Ugh. So, I don't know if I should care anymore, about this situation with Brian. I want to care. I mean, I love him to death. I honestly don't know if that's just in a friendly way. And I know that at one point he felt the same way about me. And he says that he still cares deeply for me. But I am so confused with what's going on. One minute he tells me he cares deeply for me, and that he feels bad for making me wonder if he's replacing me with Kate... But then the next minute he doesn't text me for over 24 hours, or longer, and when he does he seems aggravated or aggitated because of some hearsay he heard. So then when I try to help him, or give him advice he doesn't talk to me... I don't know.
Maybe he's just busy. Who knows. This whole thing is driving me nuts. It's like that song Hot N Cold by Katy Perry... He's hot then he's cold, he's yes then he's no, he's in then he's out, he's up and he's down, he's wrong when it's right, it's black and it's white, we fight, we "break up", we "kiss", we make up... But it doesn't seem like he really wants to stay, OR go... And I don't know what to do. I care so deeply for him, as much as he claims to care for me, if not more so. I honestly don't know how he feels at this point. I wish I did. I wish I knew exactly he how feels about me, and never question it, like during the summer. But he's changing, and my entire life is changing, and I'm trying not to care, I'm trying not to let it bother me, but how can I when everything I care about seems to be going down the drain? Or at least changing for the worst instead of for the better. I want to turn off my feelings. I don't want to care anymore. Because caring is only hurting me more and more than if I didn't.

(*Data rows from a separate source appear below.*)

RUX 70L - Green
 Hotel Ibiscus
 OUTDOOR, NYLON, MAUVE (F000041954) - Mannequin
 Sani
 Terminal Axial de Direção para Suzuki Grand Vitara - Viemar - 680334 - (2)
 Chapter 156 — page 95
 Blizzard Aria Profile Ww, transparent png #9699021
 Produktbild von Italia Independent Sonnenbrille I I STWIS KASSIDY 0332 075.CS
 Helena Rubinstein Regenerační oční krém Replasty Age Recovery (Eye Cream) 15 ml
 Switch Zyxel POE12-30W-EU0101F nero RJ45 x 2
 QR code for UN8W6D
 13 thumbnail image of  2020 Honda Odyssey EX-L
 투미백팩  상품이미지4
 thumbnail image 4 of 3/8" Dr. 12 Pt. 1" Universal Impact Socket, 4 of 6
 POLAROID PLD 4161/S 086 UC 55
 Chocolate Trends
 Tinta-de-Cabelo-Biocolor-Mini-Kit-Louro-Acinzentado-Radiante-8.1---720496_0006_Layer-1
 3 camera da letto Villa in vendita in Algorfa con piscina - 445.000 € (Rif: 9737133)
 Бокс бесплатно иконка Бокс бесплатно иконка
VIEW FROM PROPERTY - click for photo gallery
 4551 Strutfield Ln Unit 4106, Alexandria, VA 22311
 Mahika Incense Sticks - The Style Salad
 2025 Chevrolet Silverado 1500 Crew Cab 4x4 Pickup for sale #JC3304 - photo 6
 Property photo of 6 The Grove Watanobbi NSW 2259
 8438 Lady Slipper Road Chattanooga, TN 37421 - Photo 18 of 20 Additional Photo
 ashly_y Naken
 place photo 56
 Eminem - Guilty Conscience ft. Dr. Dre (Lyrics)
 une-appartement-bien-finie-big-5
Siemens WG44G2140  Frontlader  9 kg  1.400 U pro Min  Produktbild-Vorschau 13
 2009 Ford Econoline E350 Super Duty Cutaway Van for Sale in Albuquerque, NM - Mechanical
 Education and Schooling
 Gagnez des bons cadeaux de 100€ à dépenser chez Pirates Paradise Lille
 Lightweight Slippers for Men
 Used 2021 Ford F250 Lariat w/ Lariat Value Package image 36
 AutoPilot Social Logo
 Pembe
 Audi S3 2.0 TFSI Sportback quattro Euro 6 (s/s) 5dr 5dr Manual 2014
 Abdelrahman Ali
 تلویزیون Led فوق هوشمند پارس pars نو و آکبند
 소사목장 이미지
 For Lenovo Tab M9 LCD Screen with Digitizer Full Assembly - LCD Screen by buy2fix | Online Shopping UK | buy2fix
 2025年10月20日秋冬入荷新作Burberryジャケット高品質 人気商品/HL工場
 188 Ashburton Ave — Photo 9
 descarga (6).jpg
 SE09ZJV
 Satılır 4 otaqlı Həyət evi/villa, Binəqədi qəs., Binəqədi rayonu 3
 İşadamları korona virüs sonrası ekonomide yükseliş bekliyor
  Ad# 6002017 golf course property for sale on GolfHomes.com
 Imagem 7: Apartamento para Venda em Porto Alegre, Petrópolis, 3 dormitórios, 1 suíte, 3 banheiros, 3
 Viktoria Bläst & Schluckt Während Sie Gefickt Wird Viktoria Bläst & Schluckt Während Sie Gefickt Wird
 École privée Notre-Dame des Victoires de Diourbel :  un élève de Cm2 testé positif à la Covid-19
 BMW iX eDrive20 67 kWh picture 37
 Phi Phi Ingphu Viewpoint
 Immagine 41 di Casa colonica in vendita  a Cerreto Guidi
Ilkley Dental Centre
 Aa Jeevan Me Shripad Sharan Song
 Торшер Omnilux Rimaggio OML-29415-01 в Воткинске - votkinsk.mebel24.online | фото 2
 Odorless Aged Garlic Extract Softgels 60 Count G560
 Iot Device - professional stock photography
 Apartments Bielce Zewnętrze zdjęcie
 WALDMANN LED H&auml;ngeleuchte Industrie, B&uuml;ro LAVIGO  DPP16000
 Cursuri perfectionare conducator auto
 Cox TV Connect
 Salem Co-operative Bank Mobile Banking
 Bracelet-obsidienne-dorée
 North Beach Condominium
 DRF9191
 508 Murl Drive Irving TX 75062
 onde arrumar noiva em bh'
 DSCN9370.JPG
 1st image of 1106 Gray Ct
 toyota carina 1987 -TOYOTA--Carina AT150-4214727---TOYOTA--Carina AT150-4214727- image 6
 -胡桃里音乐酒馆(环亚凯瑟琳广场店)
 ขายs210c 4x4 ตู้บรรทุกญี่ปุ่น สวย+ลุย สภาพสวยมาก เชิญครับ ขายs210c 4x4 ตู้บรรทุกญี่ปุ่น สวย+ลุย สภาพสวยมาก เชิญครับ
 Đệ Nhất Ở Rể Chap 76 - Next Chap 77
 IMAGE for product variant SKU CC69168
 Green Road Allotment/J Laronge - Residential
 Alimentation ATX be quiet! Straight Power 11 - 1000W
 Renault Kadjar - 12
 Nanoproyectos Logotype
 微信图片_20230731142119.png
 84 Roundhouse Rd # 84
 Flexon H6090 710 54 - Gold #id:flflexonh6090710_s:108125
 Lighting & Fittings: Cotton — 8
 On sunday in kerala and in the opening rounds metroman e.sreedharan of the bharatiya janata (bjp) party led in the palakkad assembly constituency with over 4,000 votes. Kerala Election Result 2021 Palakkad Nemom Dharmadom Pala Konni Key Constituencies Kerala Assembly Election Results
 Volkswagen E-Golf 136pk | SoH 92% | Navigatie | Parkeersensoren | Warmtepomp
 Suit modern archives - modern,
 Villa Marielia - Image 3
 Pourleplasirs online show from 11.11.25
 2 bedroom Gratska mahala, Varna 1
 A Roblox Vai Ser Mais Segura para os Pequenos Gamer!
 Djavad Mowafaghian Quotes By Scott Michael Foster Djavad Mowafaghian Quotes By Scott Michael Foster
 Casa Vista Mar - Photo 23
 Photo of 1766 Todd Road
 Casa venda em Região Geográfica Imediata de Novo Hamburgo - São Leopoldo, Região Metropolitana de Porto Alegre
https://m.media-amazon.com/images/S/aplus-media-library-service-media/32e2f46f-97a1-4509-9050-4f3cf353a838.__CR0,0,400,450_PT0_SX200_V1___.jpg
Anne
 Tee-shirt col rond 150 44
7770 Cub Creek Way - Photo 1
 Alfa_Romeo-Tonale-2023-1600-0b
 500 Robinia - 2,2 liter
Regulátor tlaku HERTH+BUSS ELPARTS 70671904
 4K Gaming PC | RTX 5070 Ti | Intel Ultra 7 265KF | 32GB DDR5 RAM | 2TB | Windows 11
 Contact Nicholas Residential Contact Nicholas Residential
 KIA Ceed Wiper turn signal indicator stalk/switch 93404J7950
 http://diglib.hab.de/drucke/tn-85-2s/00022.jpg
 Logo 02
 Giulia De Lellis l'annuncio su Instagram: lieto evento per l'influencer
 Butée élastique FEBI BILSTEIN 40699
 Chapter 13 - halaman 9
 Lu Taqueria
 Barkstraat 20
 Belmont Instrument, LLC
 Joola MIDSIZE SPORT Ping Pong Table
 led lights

I don't know what I'm supposed to do. I have so much faith. Over the past week I've felt my testimony really coming back and strengthening me. But now I'm being tried again, and I don't know what to do. I've been praying for a solution to this for so long, it seems, and nothing has come out of it except for Brian pushing himself further and further away. I would think (and hope) that if he really cared as deeply about me as he claims that he would be showing that, not backing away. Am I wrong?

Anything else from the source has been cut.